# Jalepino wine



## HARRIS1181 (Jul 28, 2011)

I have a gallon batch of jalepino wine. I racked it 3 times, three months in a row. I bottled it last monday. I have a large refridgerator in the garage and I stood the up for three days and went in to lay the down for 3 weeks(that's what the recipe called for.)I pulled one out to check out the beautyfull color it became and noticed something floating around. I racked it three time and it set unmoved the whole time. they almost look like sugar crystals. By the way I tested the wine before I bottled it and it taste great. can anyone tell me what I might have done wrong? Should I not set the corks in the fridge?
If someone can give me some insight, I'll quit wining!


----------



## Runningwolf (Jul 28, 2011)

Harris first off welcome to the forum. Couple of things come to mind. You racked three times but when you bottled was the carboy crystal clear with no sediment on the bottom. When you bottle from the carboy, there should be no sediment. As hard as you try, that sediment will find its way in the bottles 90% of the time unless you are really experienced at doing this. 

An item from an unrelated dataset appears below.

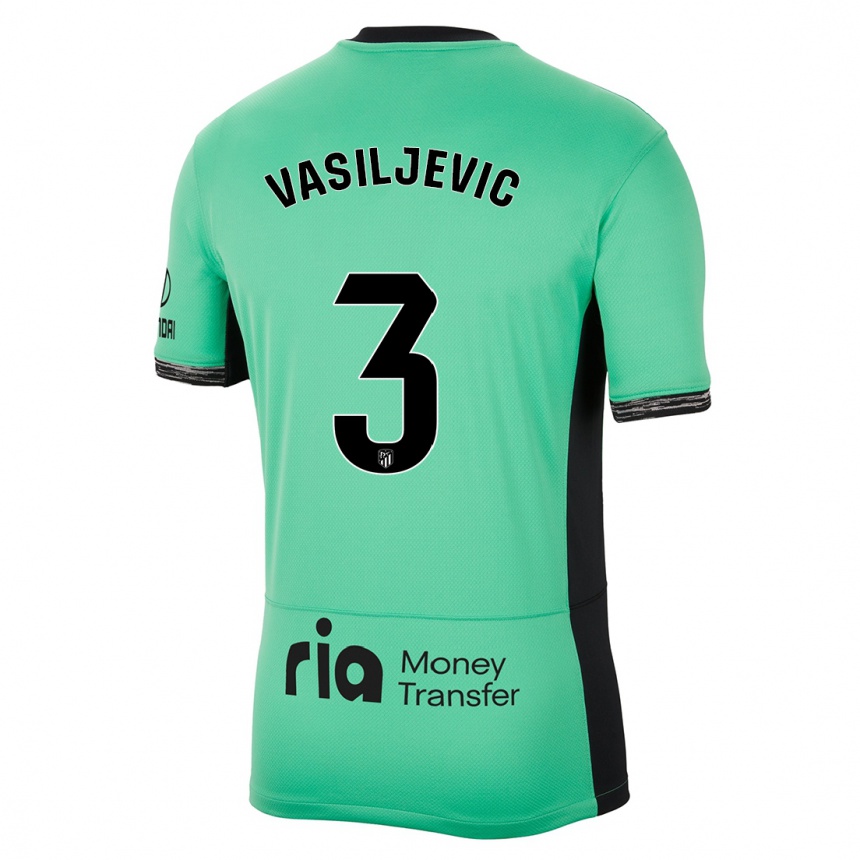 Kinder Fußball Ivan Vasiljevic #3 Frühlingsgrün Ausweichtrikot Trikot 2023/24 T-Shirt Luxemburg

The next thing that comes to mind is what did you make this wine with. I would like to see a recipe. In the future, try to post recipe and any notes you made and this will help us nail down the issue. If you made the jalapeño with grapes juice, the salt crystals very well might be wine diamonds. They will not hurt anything just pour carefully so they don't show up in a glass. They are tartaric acid falling out of the wine which will enhance the flavor. Many of us will set the entire carboy in a freezer/refrigerator or place out side in the winter so they fall out before we bottle.


----------



## Julie (Jul 28, 2011)

Dan and I both have made hot pepper wine and I can contest to the fact that Dan's was awsome. So please listen to what he says.

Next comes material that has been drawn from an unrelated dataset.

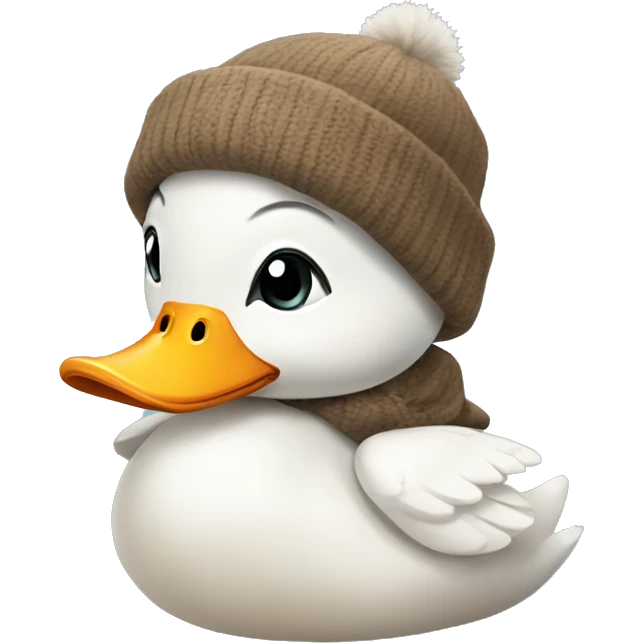 Cozy duck in winter  emoji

We do need a recipe and your procedure. A timed racking is not going to work. After fermentation is complete, and I know it is complete by taking a hydrometer reading, I rack. I then let it sit until clear, then rack again. This might be a month later or it might be 2 months later.


----------



## HARRIS1181 (Jul 29, 2011)

Dan, thanks for the welcome. when I get home tonight I will post the recipe and all my hydrom readings. I used 12 jalepinos 1 box of golden raisans champaign yeast 3-4 cups of sugar candam tabs. to give you some idea but i will post later.
I had very little sediment in the carboy before I bottled so I racked it into a clean and sanitized carboy and then bottled. After bottling I was impressed with clearity and color.
After a week in the fridge it grew sediment. You don't see it until you disturb the bottle (like shaking it)then it very noticable. looks like salt or sugar crystals. Maybe they are capsium crystals. (that's what I'll tell everyone)


----------



## HARRIS1181 (Jul 29, 2011)

Thanks Julie, I will probably be a regular that you will have to help out once and a while.
I will usually wait a month in between racks and always bottle only clear wine.


----------